- [Aim of the exercise]: Span requested from the data below: the line with "Şəkillər, tablolar: Mağazanın" through the line with "Фото: Laganovskisuldis / Freepik", both included. Give only these lines again, exactly, and leave every picture out.

=== Provided records ===

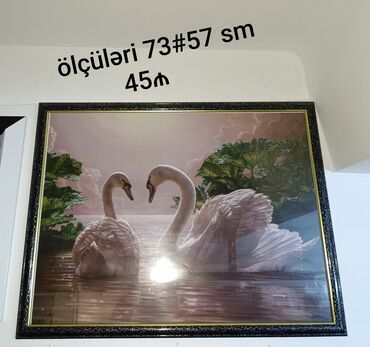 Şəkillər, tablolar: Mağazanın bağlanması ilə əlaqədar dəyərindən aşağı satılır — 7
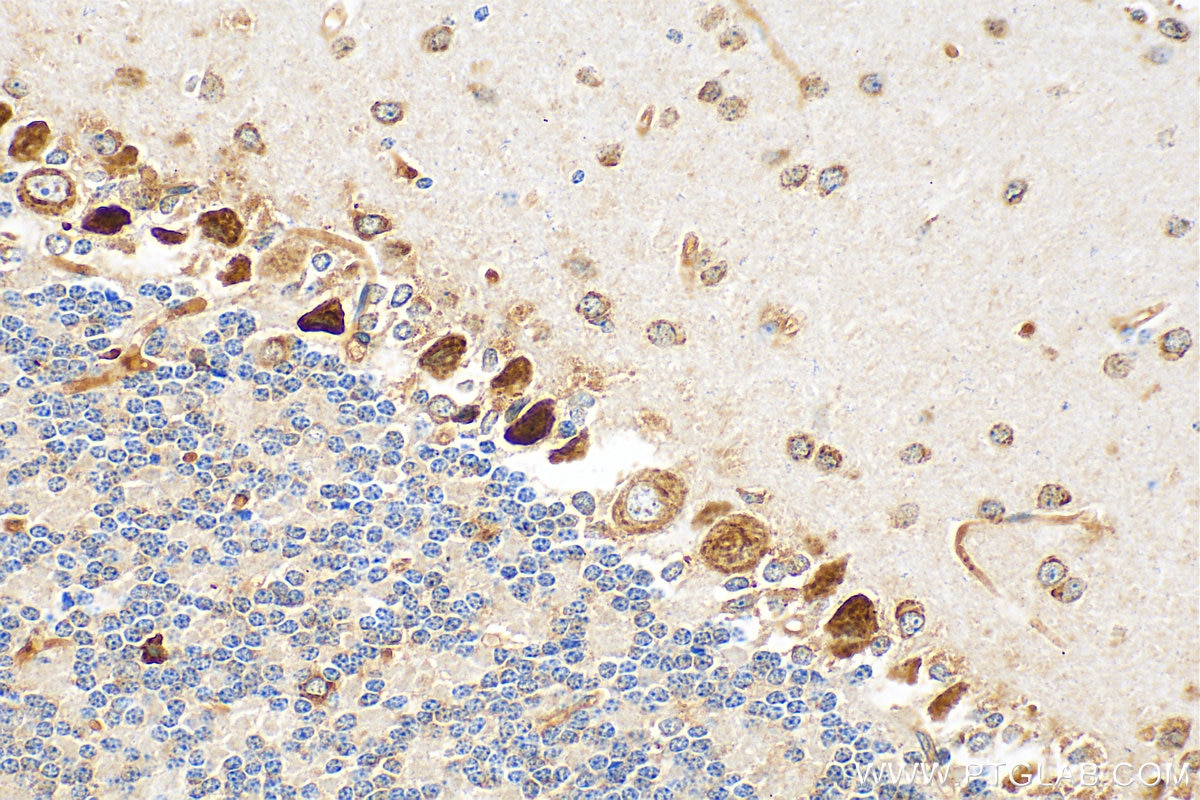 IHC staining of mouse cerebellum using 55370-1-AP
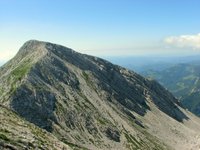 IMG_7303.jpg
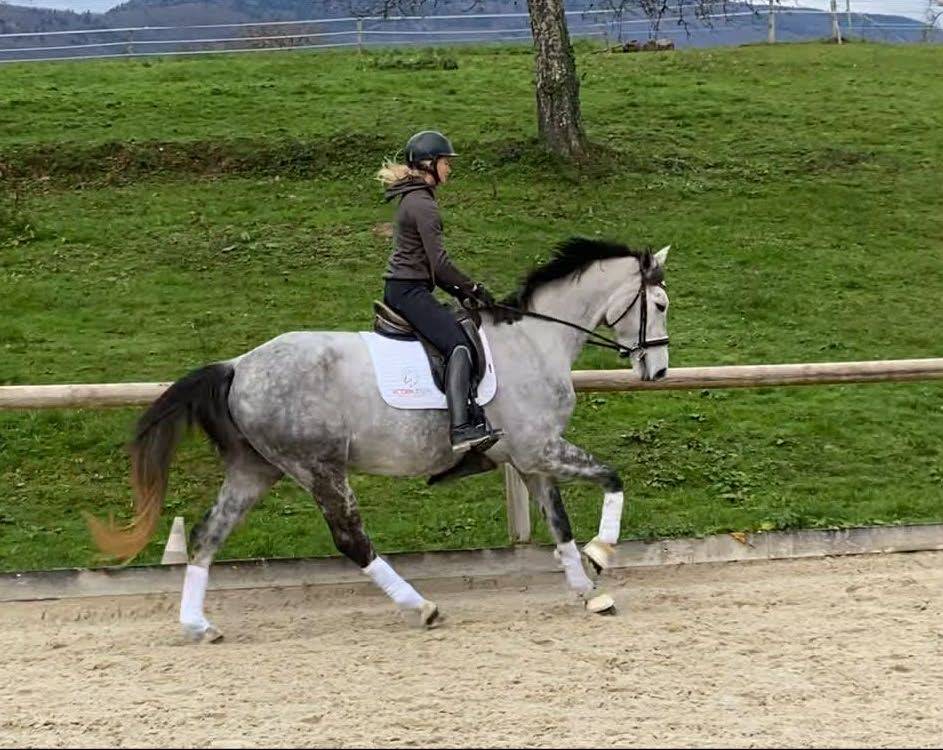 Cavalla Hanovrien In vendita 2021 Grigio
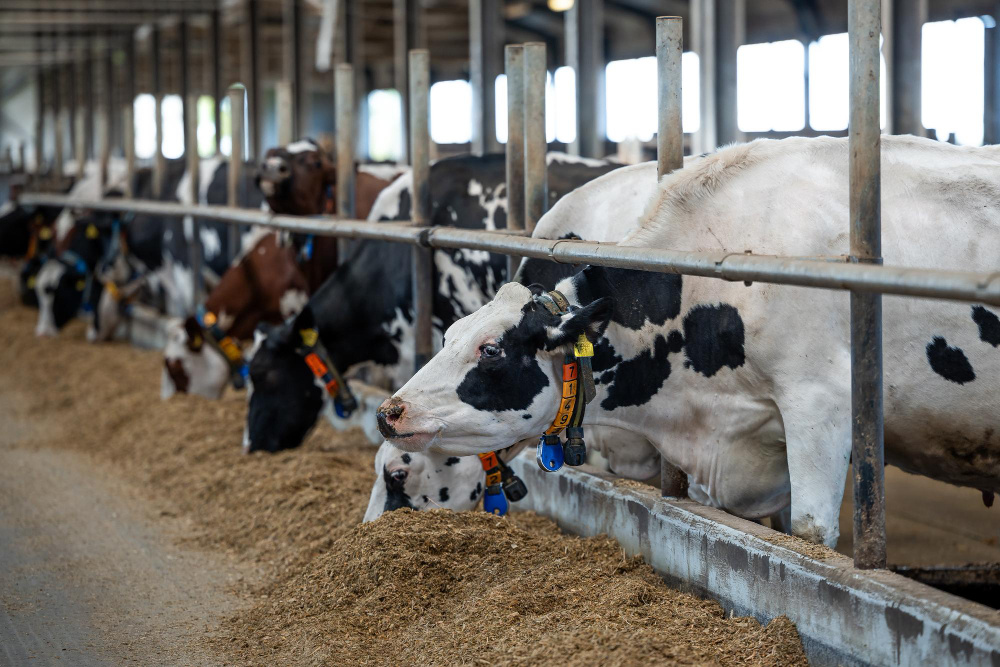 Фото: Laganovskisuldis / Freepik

===
=== Provided records ===

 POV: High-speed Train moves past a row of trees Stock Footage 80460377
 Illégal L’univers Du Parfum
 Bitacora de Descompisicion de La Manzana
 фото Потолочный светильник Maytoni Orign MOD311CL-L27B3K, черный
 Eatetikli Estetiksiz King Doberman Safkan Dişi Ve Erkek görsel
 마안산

===

- [Solution to this task]:
 Şəkillər, tablolar: Mağazanın bağlanması ilə əlaqədar dəyərindən aşağı satılır — 7
 IHC staining of mouse cerebellum using 55370-1-AP
 IMG_7303.jpg
 Cavalla Hanovrien In vendita 2021 Grigio
 Фото: Laganovskisuldis / Freepik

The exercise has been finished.